Visual speech synthesis systems fall into one of two categories; graphics-based systems or image-based systems.
Graphics-based systems represent points on the surface of the face as vertices in a 3-D space and approximate the surface itself by connecting the vertices. Animation is usually achieved by applying a set of rules to deform the mesh in some controlled manner. Image-based systems generally adopt a sample-based synthesis approach, where real facial images corresponding to synthesis units are extracted from a database and are concatenated to produce new sequences.

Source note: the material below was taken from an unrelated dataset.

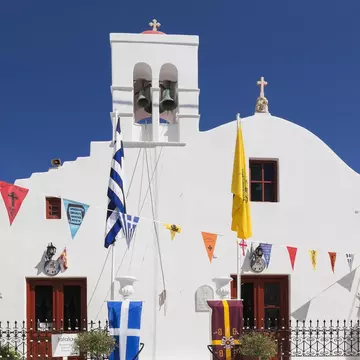 A whitewashed church with colorful triangular flags hanging across the front.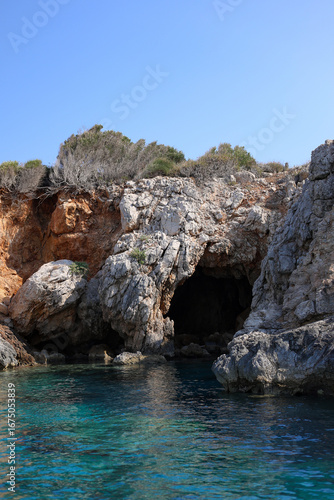 Natural cave in rock and mysterious atmosphere on mediterranean sea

In terms of photorealism, image-based systems are more realistic than model-based systems. Providing the correct images are extracted from the database and the blending between the extracted images results in natural looking facial movements, videorealism can also be achieved. The photorealism of graphics-based systems can be improved by texture mapping a facial image onto the model surface, however even models with very complex animation rules still do not convince a viewer that they are looking at a real person.
Recently, near videorealistic systems have been proposed that extract models of the face from video sequences using computer vision techniques, and these models applied to the problem of synthesising visual speech. In this work models of the shape and appearance variation of the face are used.
Shape and appearance models are an example of a generative model. That is, a model capable of reproducing examples of the object from which it is derived. The models are used in the flexible appearance model search algorithm to track the face of a talker. For each frame in a video sequence, a set of model parameters is output from the tracker, which gives the synthetic equivalent of the actual face in the corresponding video frame.